WORK TO BE COMPLETED:
What's needed is an exact copy of all the data below, without pictures.

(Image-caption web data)
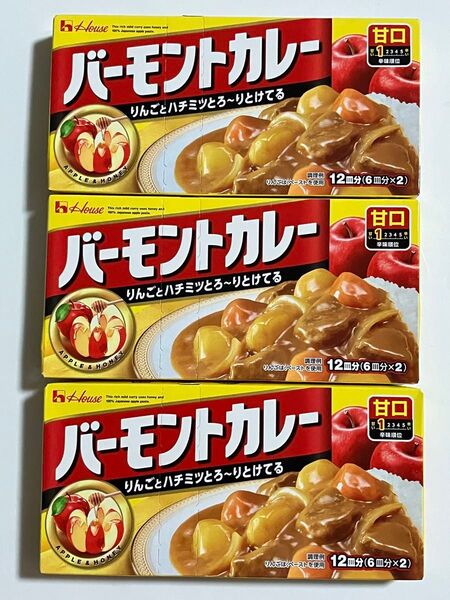 未開封 ハウス食品 バーモントカレー 甘口 230g × 3個 りんごとハチミツ とろ〜りとけてる ハウス カレールー カレー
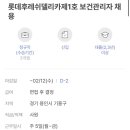 델리후레쉬주 이미지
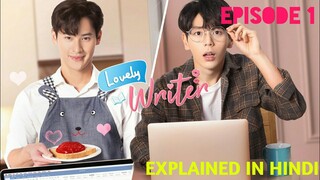 Lovely writer Thai Bl Episode 1 Explained In Hindi/ Lovely Writer Explained In Hindi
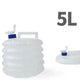 5L-15L Outdoor Collapsible Water Bag Camping Foldable Water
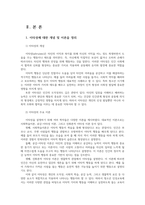 청소년인성교육3공통 이타성은 따뜻하고 호의적인 인간관계를 맺을 수 있도록 자신의 삶에서 구체적으로 제시하고 배운점과 느낀점을 서술하시오00-2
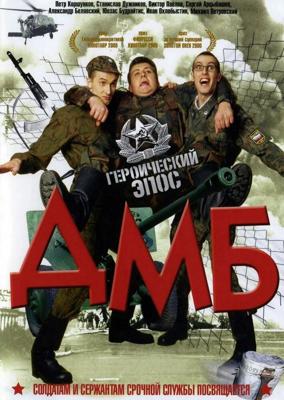 ДМБ /  (2000) смотреть онлайн бесплатно в отличном качестве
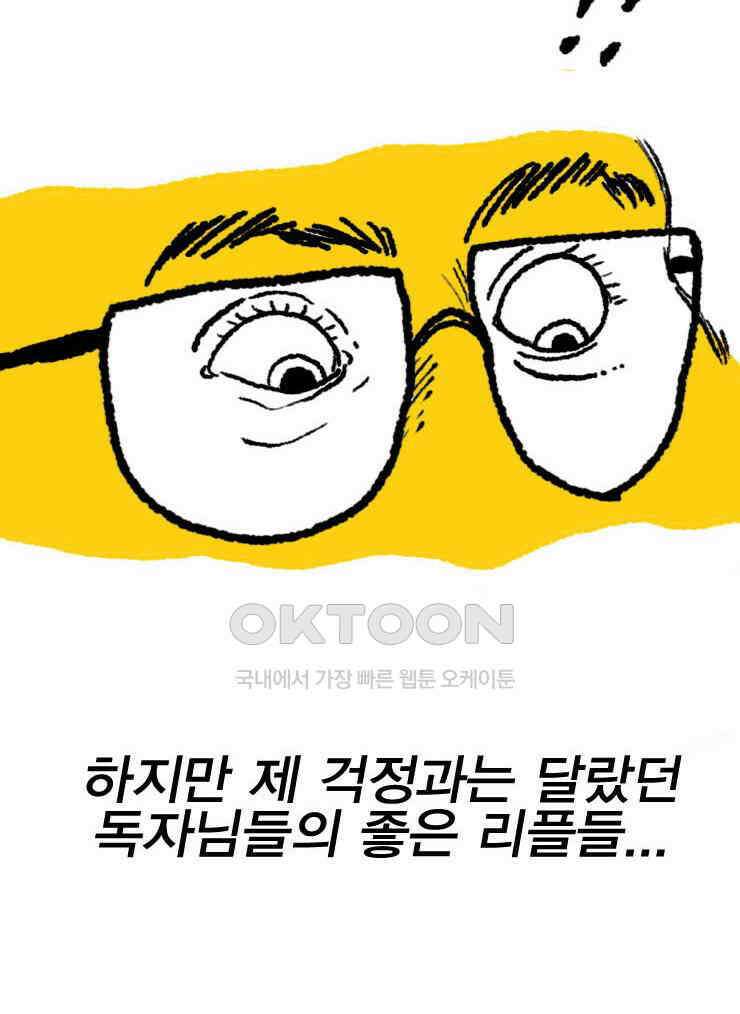 괴물 같은 아이돌 후기 3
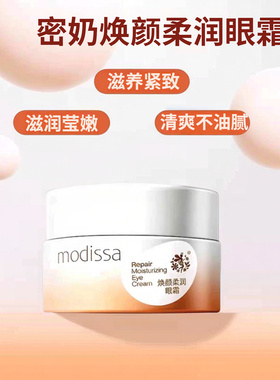 梦迪莎焕颜柔润眼霜清爽不油腻湿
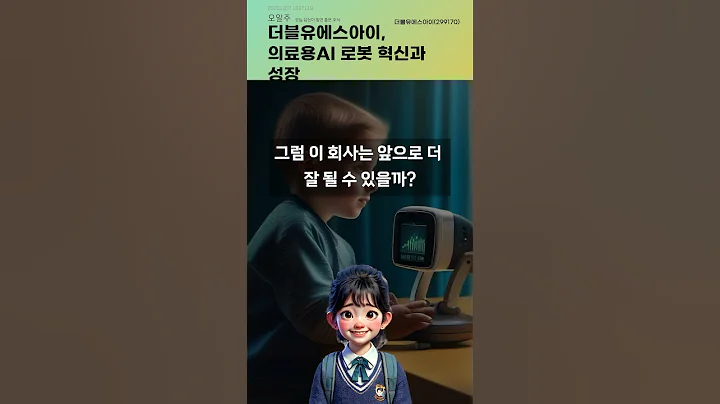 더블유에스아이, 의료용AI 로봇 혁신과 성장 #20251107#주식#증권정보#주식정보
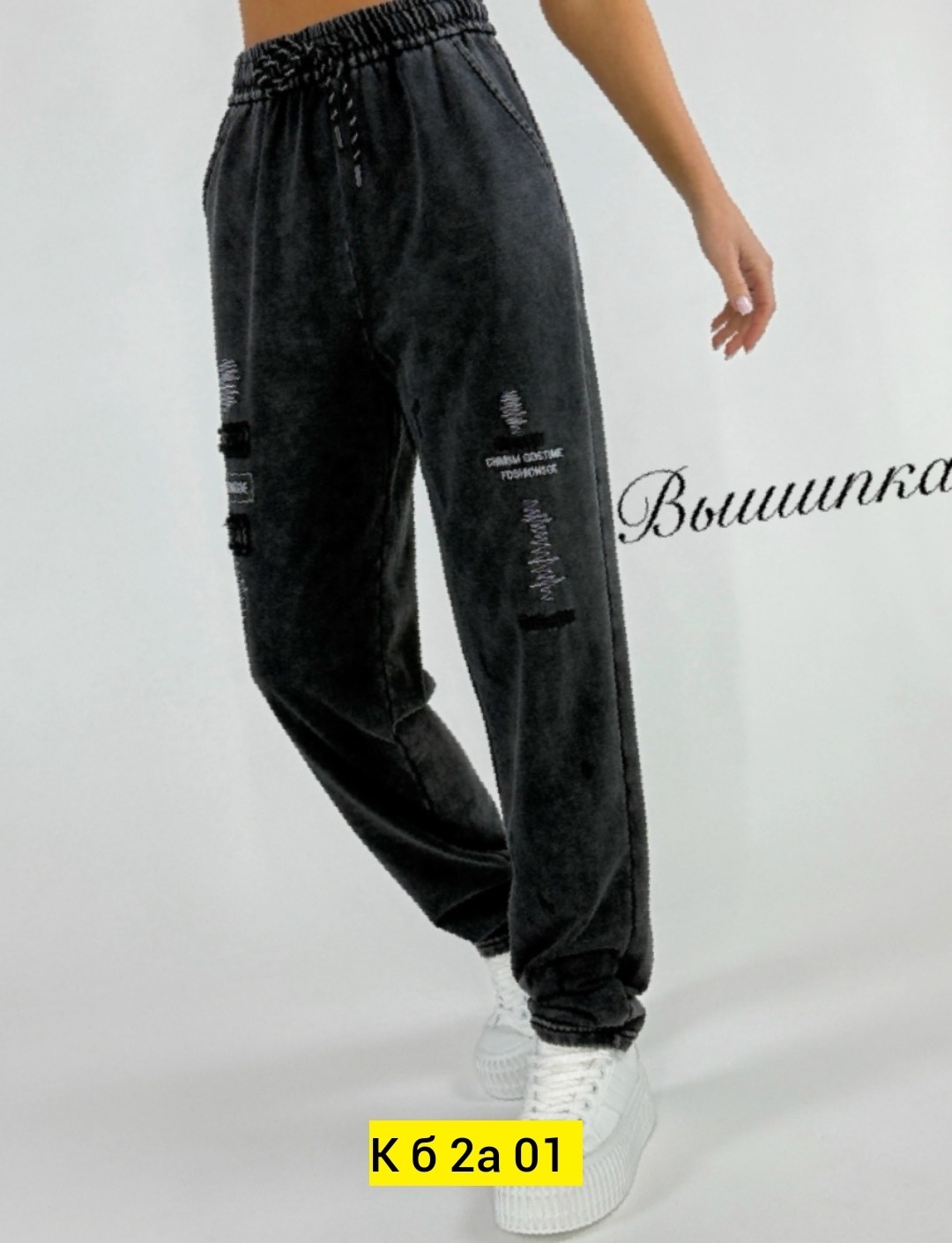 штаны вельвет,джоггеры женские,брюки джоггеры,женские брюки,брюки штаны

TASK ANSWER:
 未開封 ハウス食品 バーモントカレー 甘口 230g × 3個 りんごとハチミツ とろ〜りとけてる ハウス カレールー カレー
 델리후레쉬주 이미지
 Lovely writer Thai Bl Episode 1 Explained In Hindi/ Lovely Writer Explained In Hindi
 5L-15L Outdoor Collapsible Water Bag Camping Foldable Water
 청소년인성교육3공통 이타성은 따뜻하고 호의적인 인간관계를 맺을 수 있도록 자신의 삶에서 구체적으로 제시하고 배운점과 느낀점을 서술하시오00-2
 ДМБ /  (2000) смотреть онлайн бесплатно в отличном качестве
 괴물 같은 아이돌 후기 3
 梦迪莎焕颜柔润眼霜清爽不油腻湿
 더블유에스아이, 의료용AI 로봇 혁신과 성장 #20251107#주식#증권정보#주식정보
 штаны вельвет,джоггеры женские,брюки джоггеры,женские брюки,брюки штаны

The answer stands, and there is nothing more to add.